Penguin Random House is trying to deliver on its aim to broaden its applicant pool, but the majority of applicants the company attracts for its publishing jobs are college-educated. "Changing our requirements didn't drastically change our candidate pool," she said. "Our big challenge is getting the word out about jobs in publishing to people who aren't in college or don't have a college degree. Awareness about jobs in publishing often seems to be gained only within the higher education experience. But we are working to change that." 

Accepting the challenge, the company has done more outreach to find applicants outside four-year college settings—working with community colleges and community organizations—and is engaging in more resume-blind hiring, where recruiters don't review resumes at all early in the process, and instead screen candidates with skills-based questions.

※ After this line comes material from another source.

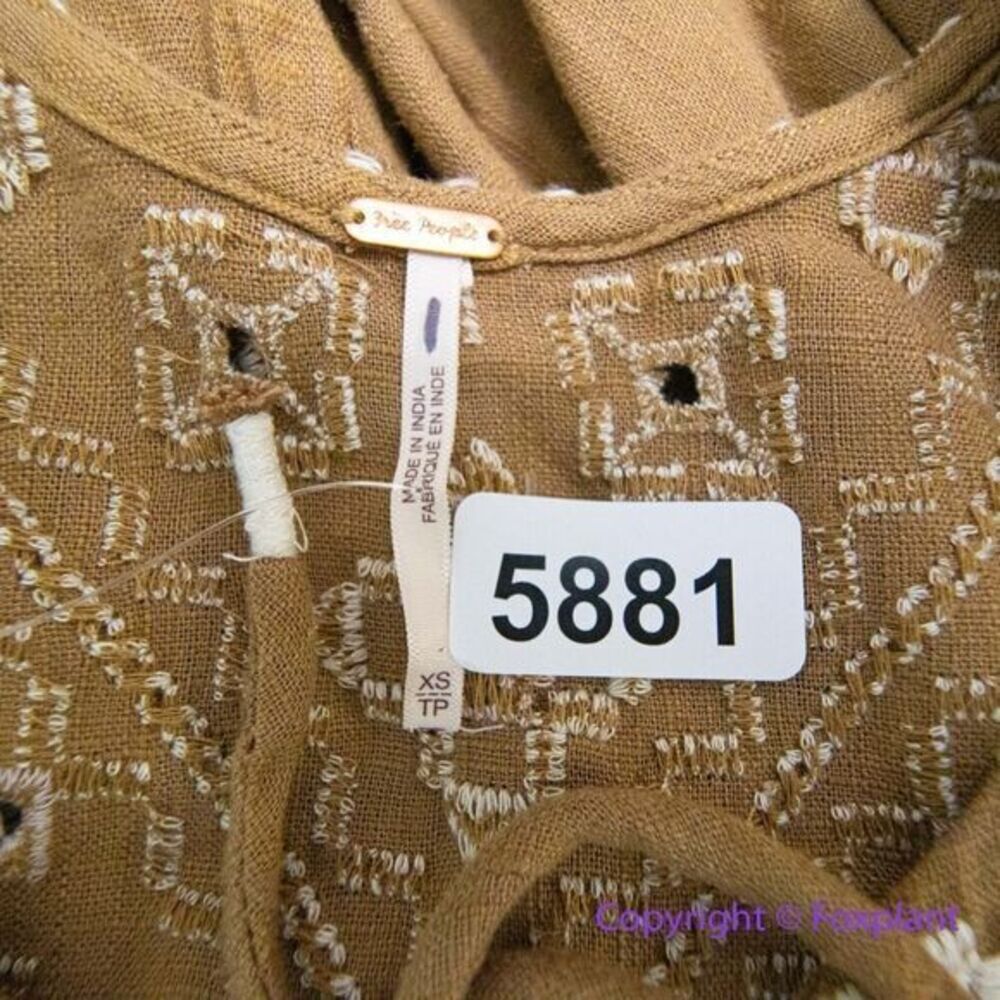 New! Free People Joni Embroidered Top, size XS - Picture 15 of 16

IBM was motivated to search for new sources of talent—including those without bachelor's degrees—after not being able to fill critical skills gaps. "We want to bring in people with nontraditional backgrounds who built skills through coding camps, community colleges, or modern career education programs like our P-TECH model or new apprenticeship programs, and we want to attract people re-entering the workforce or relaunching their career," said Kelli Jordan, IBM's talent leader for new-collar initiatives. New-collar jobs are defined as high-skill, tech-based jobs in growing fields like data science, cloud computing and cybersecurity that don't require traditional four-year degrees.

Reportedly, about 15 percent of the people IBM hires in the U.S. don't have four-year degrees.

In June 2017, the company announced that it would be partnering with community colleges across the U.S. to better prepare more students for new-collar career opportunities.

The company also wants to create more jobs for people in parts of the country where technology jobs are scarce and to lead the way in making the industry more diverse. "We aren't replacing or devaluing the four-year college degree, but rather opening the aperture to bring in more candidates from all types of backgrounds who have learned their skills in a variety of ways," Jordan said.